ACTION ITEM:
Where a picture appears, leave it out, and transcribe all the lines below exactly.

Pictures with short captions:
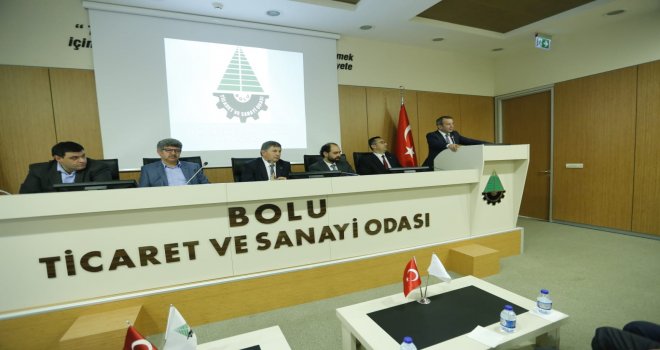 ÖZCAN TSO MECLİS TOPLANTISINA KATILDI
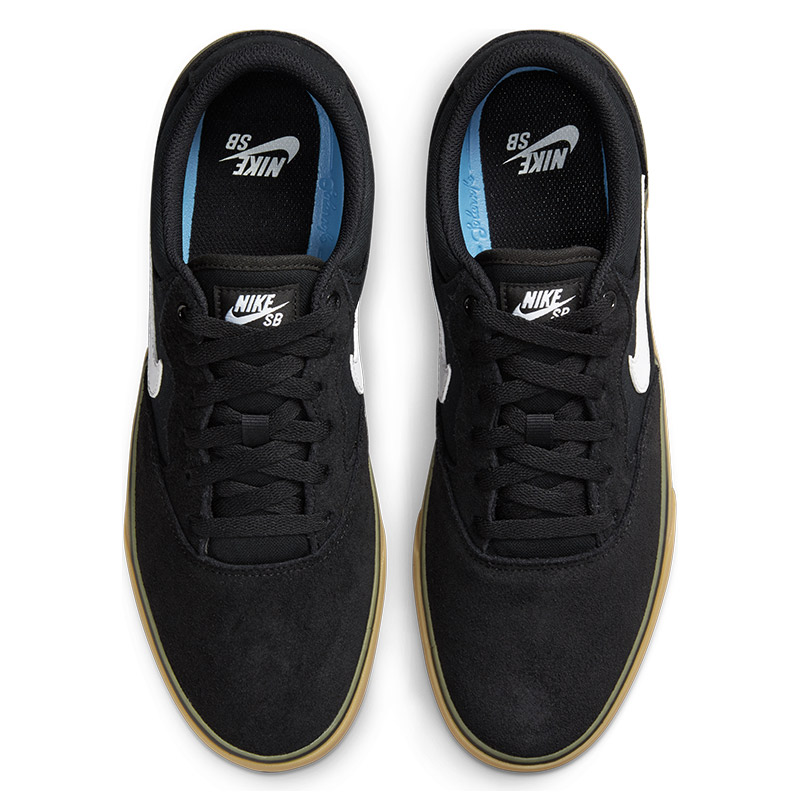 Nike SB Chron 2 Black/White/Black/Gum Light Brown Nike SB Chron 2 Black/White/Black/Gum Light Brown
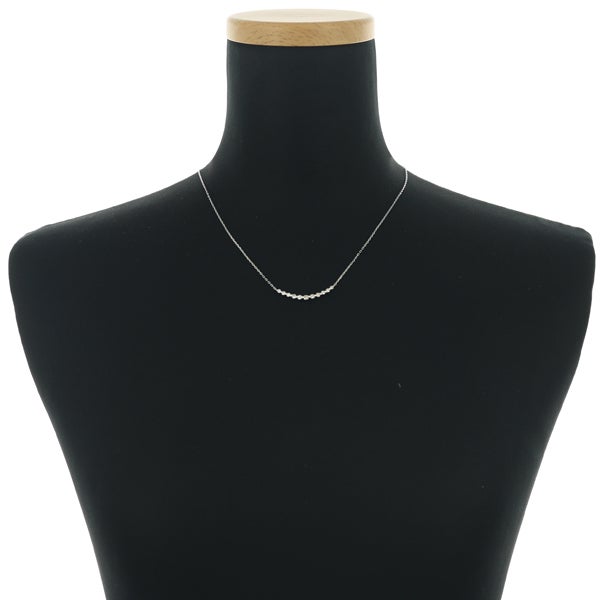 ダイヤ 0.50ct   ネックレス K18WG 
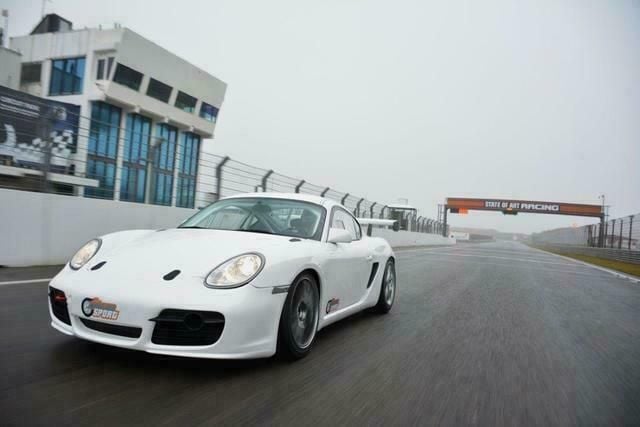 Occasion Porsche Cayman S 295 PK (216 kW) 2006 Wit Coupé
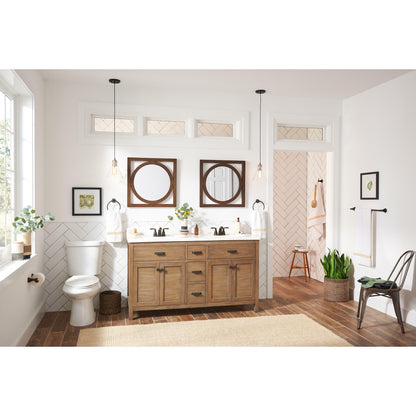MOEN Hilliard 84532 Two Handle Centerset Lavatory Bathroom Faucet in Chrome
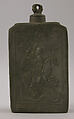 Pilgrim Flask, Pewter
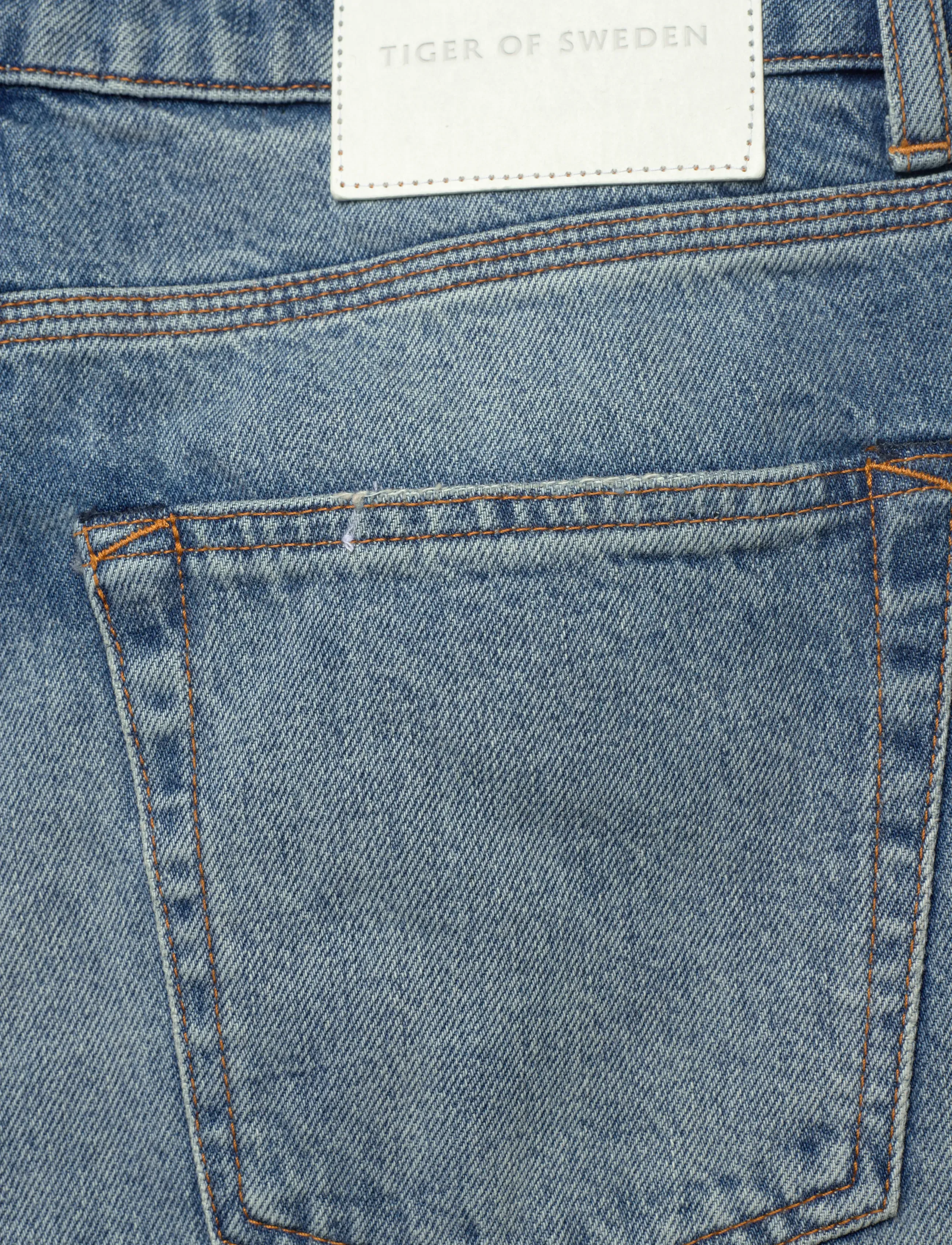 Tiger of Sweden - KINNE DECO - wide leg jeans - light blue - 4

EXERCISE RESPONSE:
 ÖZCAN TSO MECLİS TOPLANTISINA KATILDI
 Nike SB Chron 2 Black/White/Black/Gum Light Brown Nike SB Chron 2 Black/White/Black/Gum Light Brown
 ダイヤ 0.50ct   ネックレス K18WG 
 Occasion Porsche Cayman S 295 PK (216 kW) 2006 Wit Coupé
MOEN Hilliard 84532 Two Handle Centerset Lavatory Bathroom Faucet in Chrome
 Pilgrim Flask, Pewter
 Tiger of Sweden - KINNE DECO - wide leg jeans - light blue - 4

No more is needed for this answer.